Wine tasting at Maison Galhaud, St Emilion
We love visiting a big old place with a nice cellar and Maison Galhaud is fantastic for that. Hewn into the living rock and deeply atmospheric, it really reeks of generations of proud French wine-making tradition. And damp, there is a slight smell of damp.
They have a beautiful tasting room with a massive variety of wine on offer, so we just took the opportunity to taste two – a Bordeaux of the house and also a Saint Emilion Grand Cru which is bottled at the chateaux.
Manoir Galhaud 2010
Bordeaux
This wine has a deep but fresh and rounded nose, bursting with deep notes of cherry and black fruit. It’s delicate colour has a slight halo of aging around the rim.
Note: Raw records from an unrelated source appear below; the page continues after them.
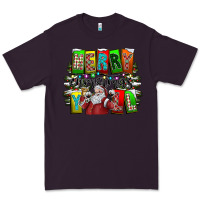 Plum merry christmas yall Premium Tee - CowhideDigitalArt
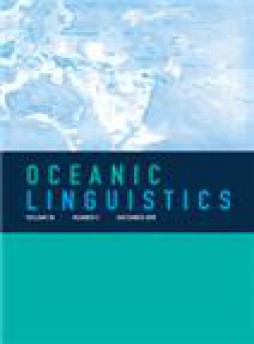 Oceanic Linguistics雜志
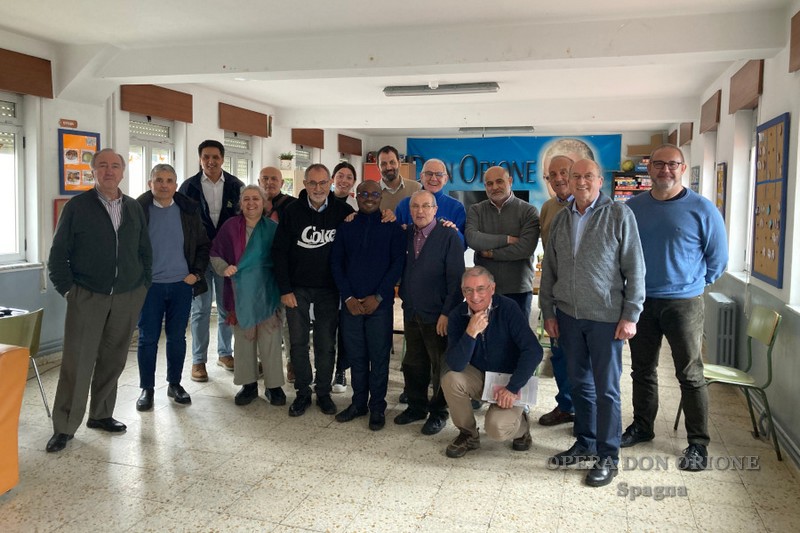 Spagna: L'incontro delle Equipe di gestione della Vice -Provincia “Nostra Signora del Pilar” -  26793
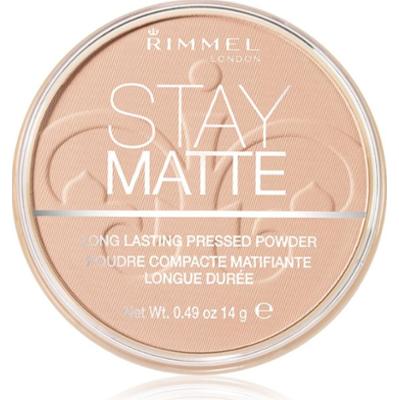 Rimmel Stay Matte puder odcień 003 Peach Glow 14 g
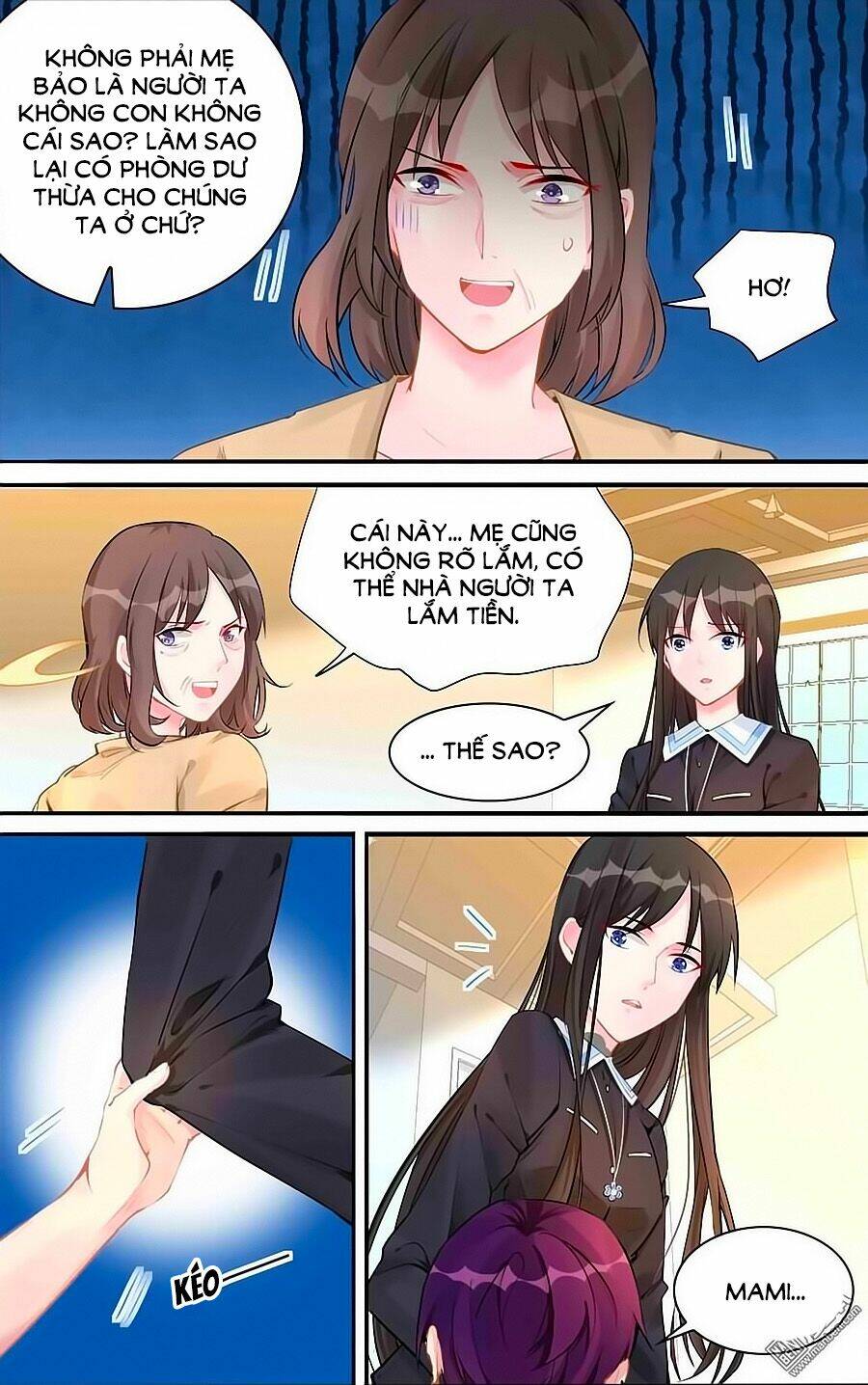 Bá Tình Ác Thiếu: Dạy Bảo Tiểu Đào Thê Chapter 134 - Trang 2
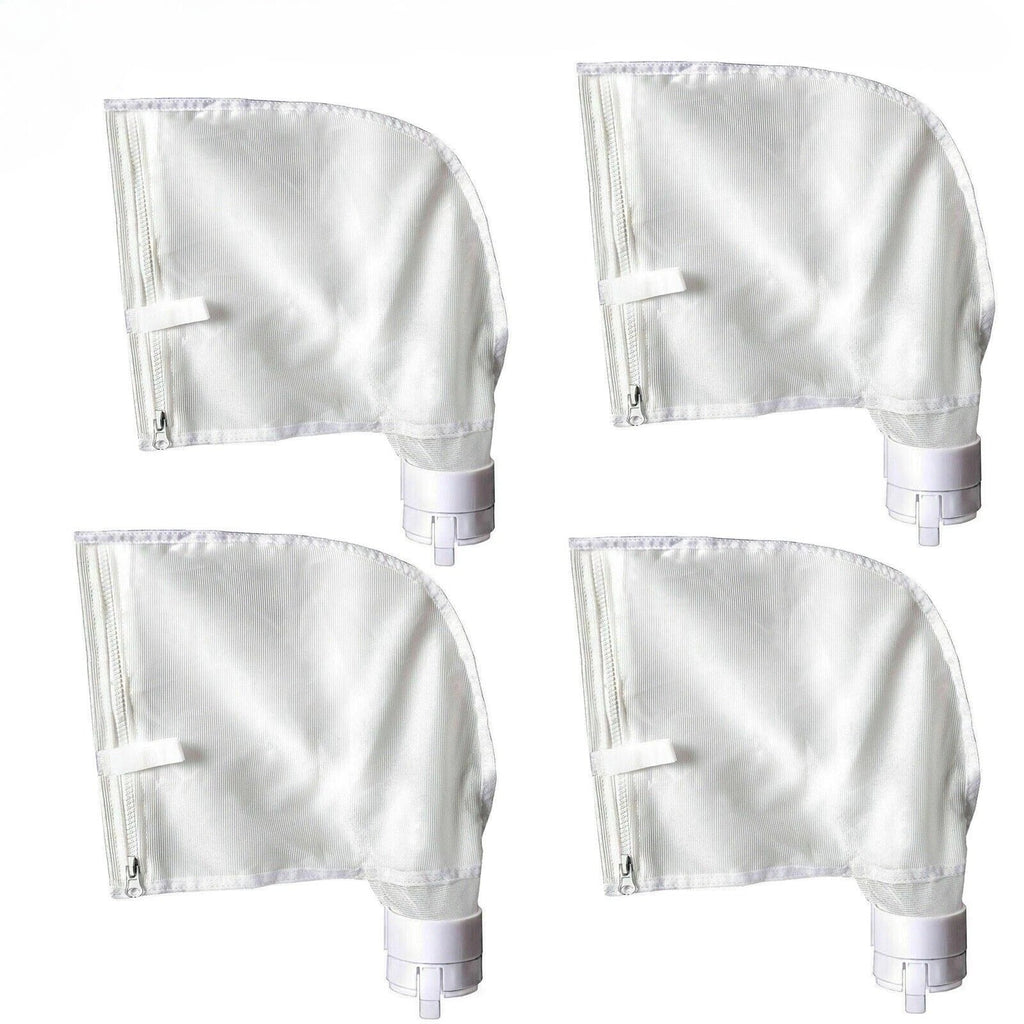 4 Pack Zipper Bag for Polaris 360/380 Pool Cleaner All Purpose (2006–2014)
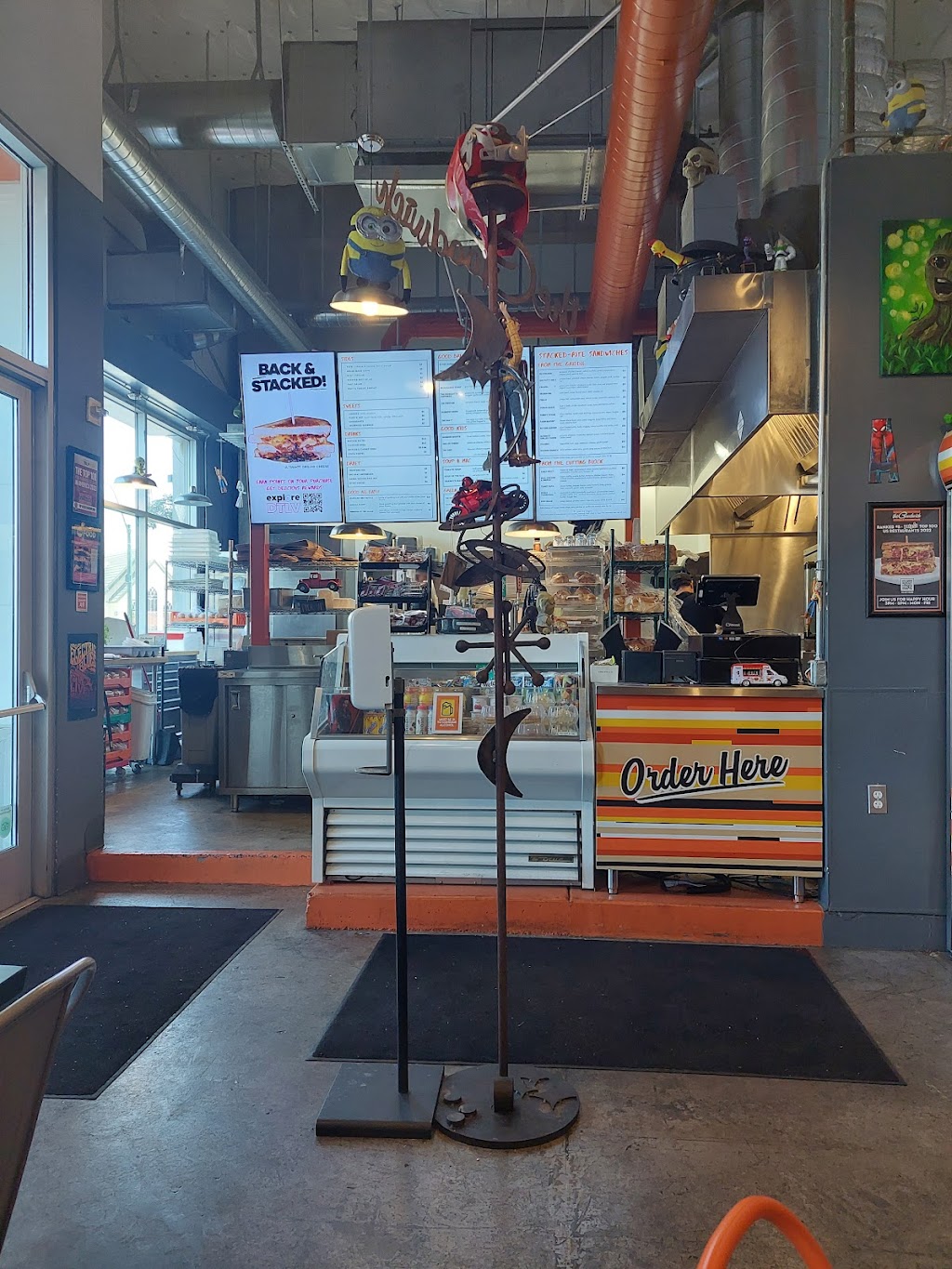 The Goodwich | restaurant | 900 S Las Vegas Blvd, Las Vegas, NV 89101, USA | 7029108681 OR +1 702-910-8681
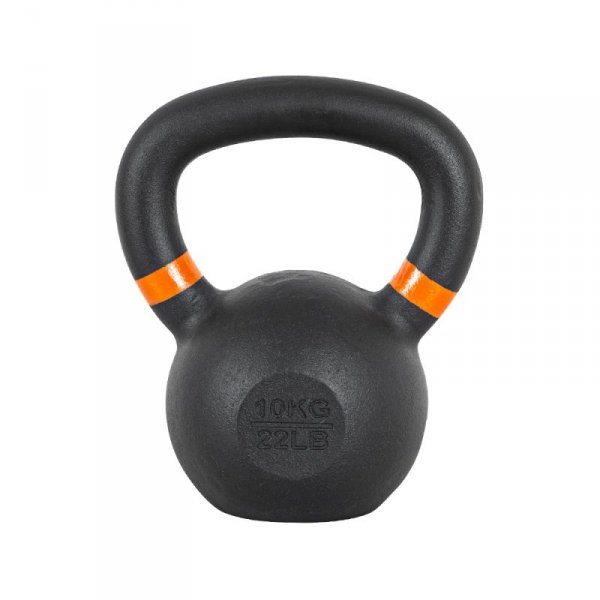 Hantel żeliwny Kettlebell inSPORTline Powder 10kg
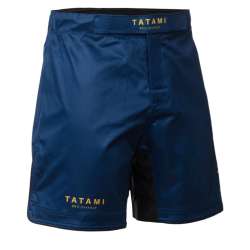 Shorts MMA Tatami katakana (bleu)3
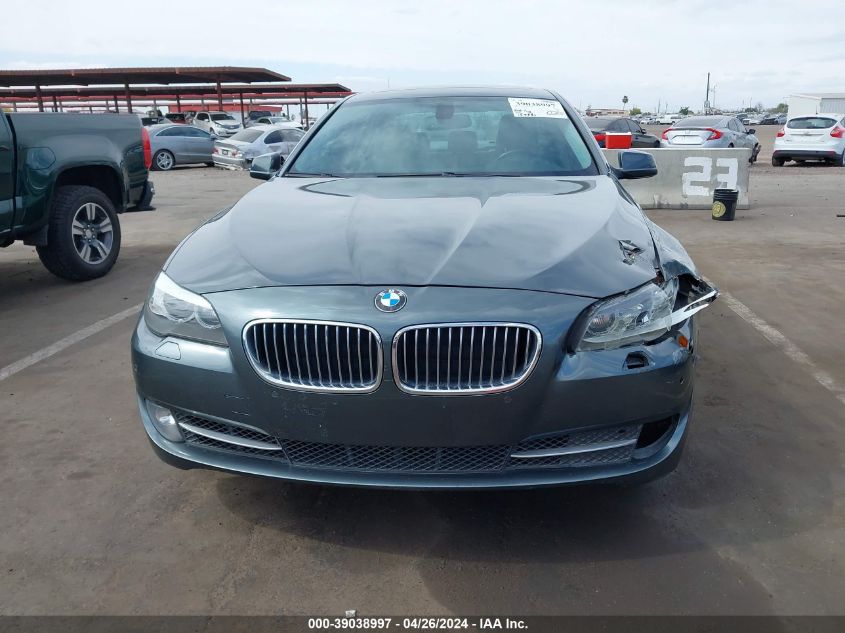 2012 BMW 528I xDrive VIN: WBAXH5C57CDW03632 Lot: 39038997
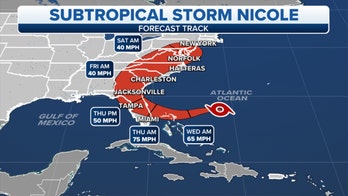 Orlando International Airport announces closure in preparation for tropical storm Nicole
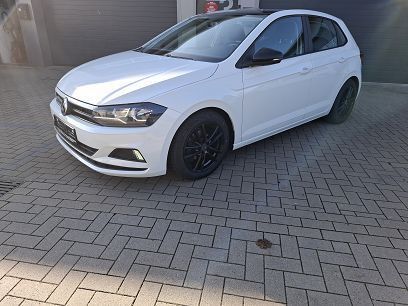 VW Polo VI Trendline Top,lückenl.Scheckheft 1.Hd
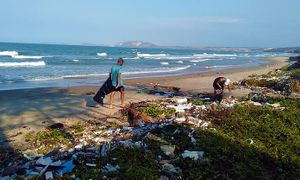 Nettoiement des déchets abandonnés en Outre-Mer - présentation de l'accompagnement de Citeo 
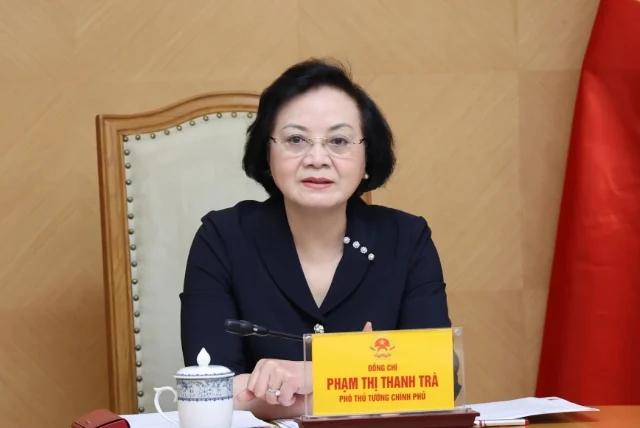 Phó Thủ tướng Phạm Thị Thanh Trà làm Trưởng Ban Chỉ đạo an toàn thực phẩm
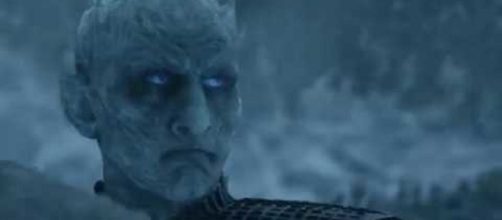 The Night King in 'Game of Thrones' - Image via YouTube/TheCell8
The flavour continues the rounded theme, but it is quite punchy with heavy savoury flavours of black fruit but also an interesting element of apricot. Not a bad little find and very reasonably priced for the quality at 10 EUR per bottle on site.
Chateau la Rose Brisson 2012
Saint Emilion Grand Cru
Also made at Maison Galhaud. An attractive light garnet colour this has black cherry notes on the nose, and more of an ethanol punch in the mouth as well as being tannic and fruity. It has a slight astringency on the mouth, but a lighter body than the Manoir Galhaud Bordeaux, which you would expect from a St Emilion AOC. I tasted very slight vegetal hints and it stayed consistent throughout the tasting, with no real change on the afternose. At 20 EUR a bottle, it was a little more than I would have been prepared to say, but that is not to deny the quality for somebody whose palette this wine suited better.